TASK PROMPT.
In the material below, find the line with "Coffret mini-mug cakes" and the line with "Dynapac CA 25 D Compactoare monocilindrice", then output both and every line between them exactly, omitting pictures.

LISTED ENTRIES.
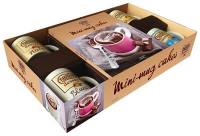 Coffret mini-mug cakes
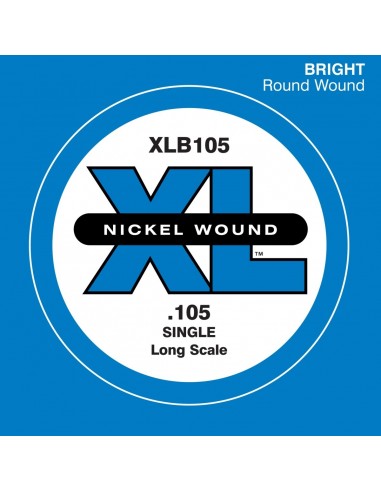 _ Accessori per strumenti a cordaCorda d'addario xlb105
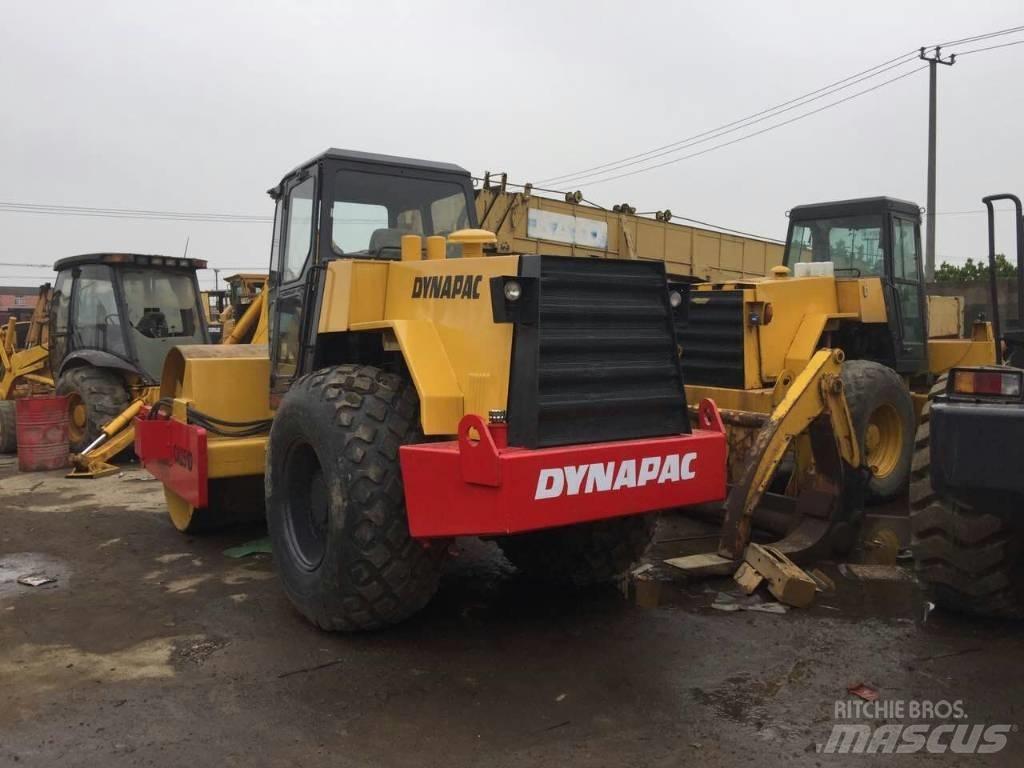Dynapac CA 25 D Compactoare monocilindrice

---

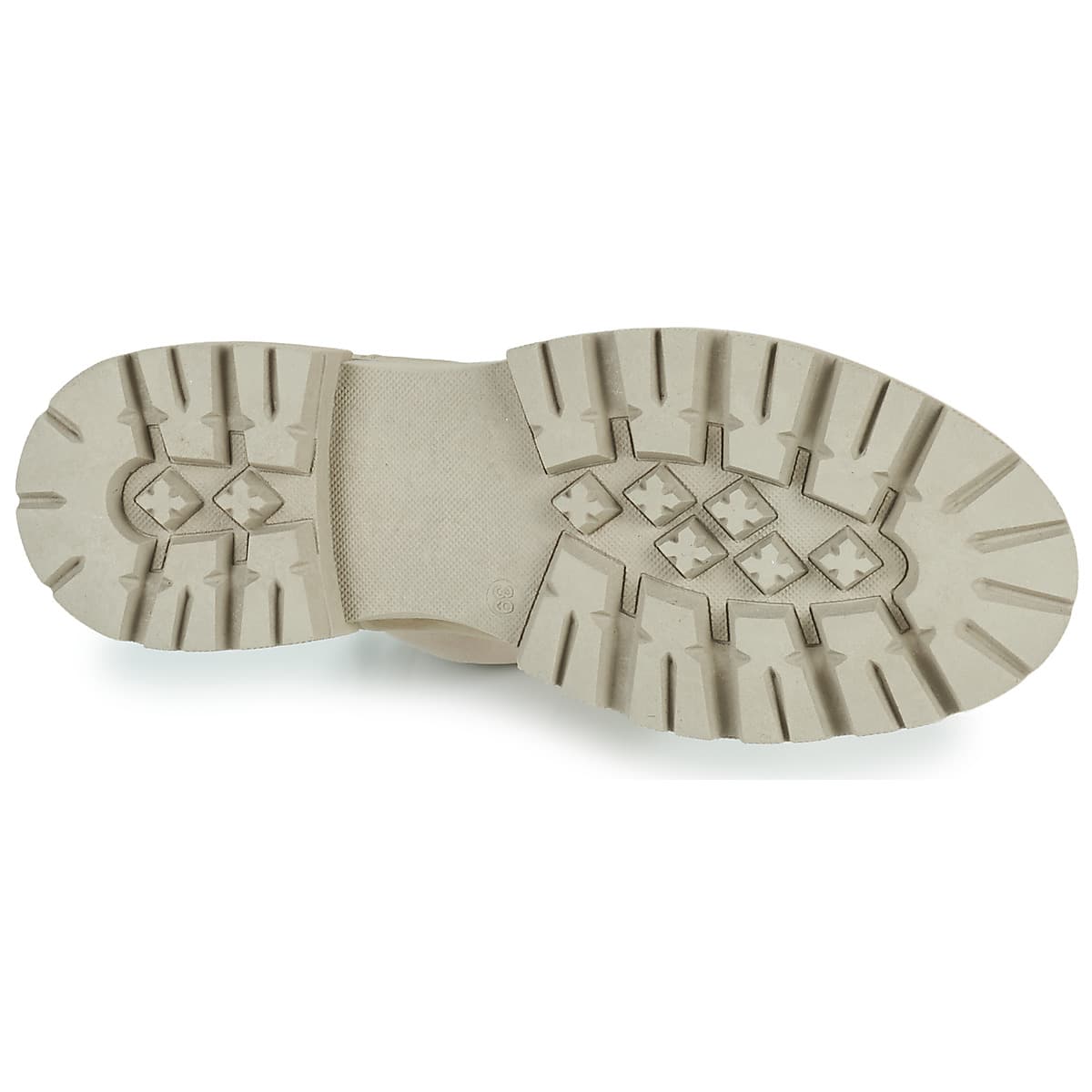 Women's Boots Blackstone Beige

==

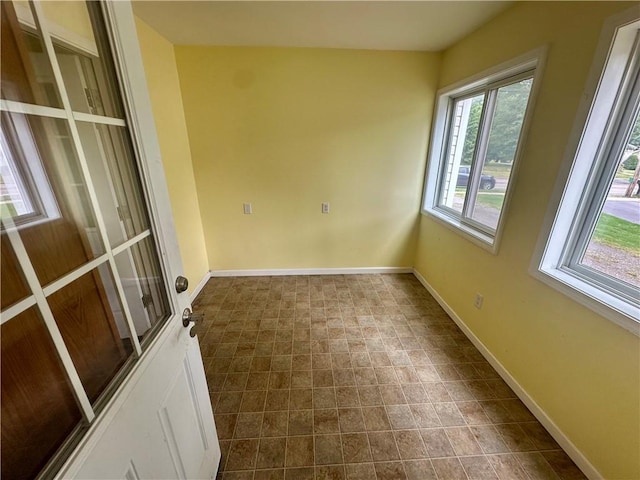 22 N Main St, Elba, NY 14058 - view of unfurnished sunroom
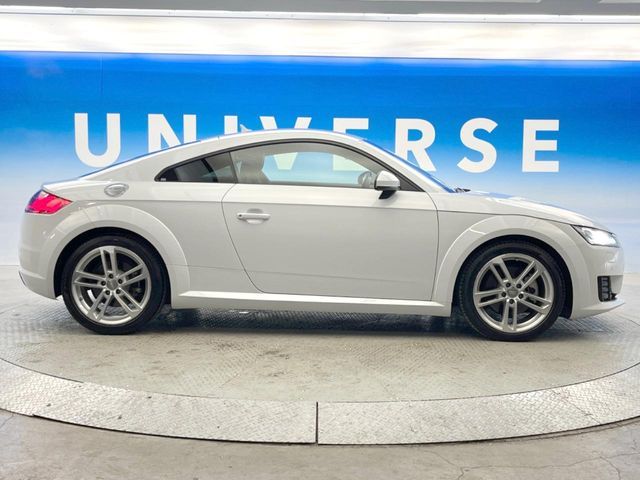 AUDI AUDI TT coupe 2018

ANSWER TO THE PROBLEM.
 Coffret mini-mug cakes
 _ Accessori per strumenti a cordaCorda d'addario xlb105
Dynapac CA 25 D Compactoare monocilindrice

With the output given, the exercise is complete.